• [Task brief]
Below are records with pictures in them. Output exactly the lines from the one with "Superbike World Championship logo (2022).svg" through the one with "Opel Corsa 1.5D", both included, and leave every picture out; give only those lines.
────
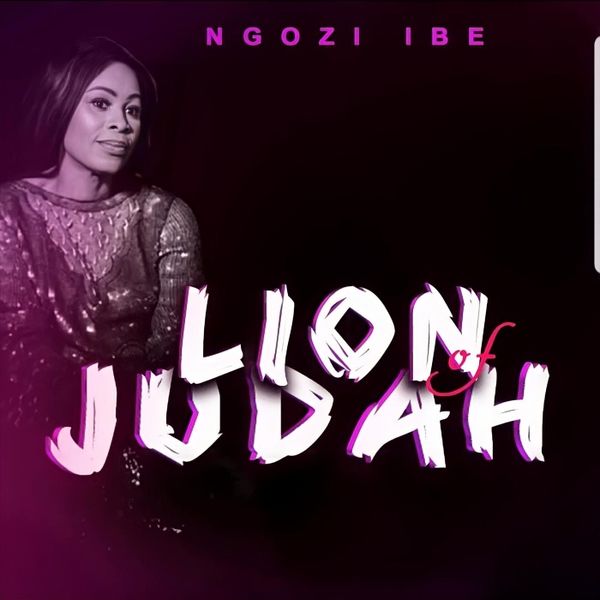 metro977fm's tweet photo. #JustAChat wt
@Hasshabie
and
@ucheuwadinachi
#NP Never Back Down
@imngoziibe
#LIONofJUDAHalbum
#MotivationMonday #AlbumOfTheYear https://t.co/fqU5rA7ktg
────
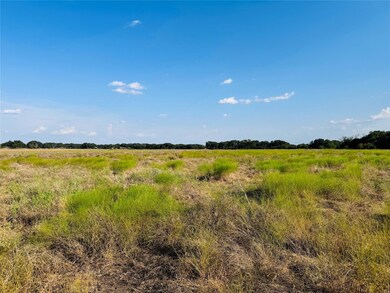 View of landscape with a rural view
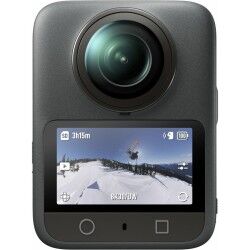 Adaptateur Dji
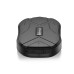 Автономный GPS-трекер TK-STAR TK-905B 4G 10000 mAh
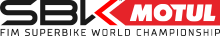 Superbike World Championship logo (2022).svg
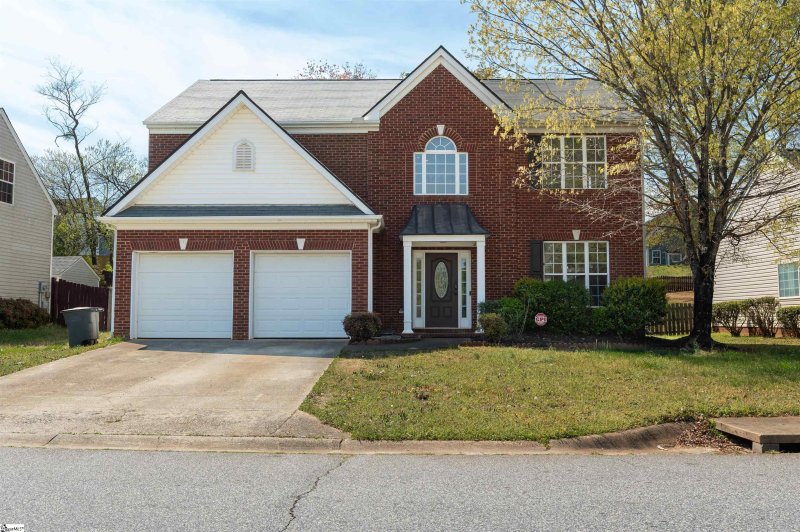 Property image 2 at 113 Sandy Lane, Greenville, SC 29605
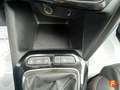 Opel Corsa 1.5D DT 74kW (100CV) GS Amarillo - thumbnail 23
────
• [Solution]
 Superbike World Championship logo (2022).svg
 Property image 2 at 113 Sandy Lane, Greenville, SC 29605
 Opel Corsa 1.5D DT 74kW (100CV) GS Amarillo - thumbnail 23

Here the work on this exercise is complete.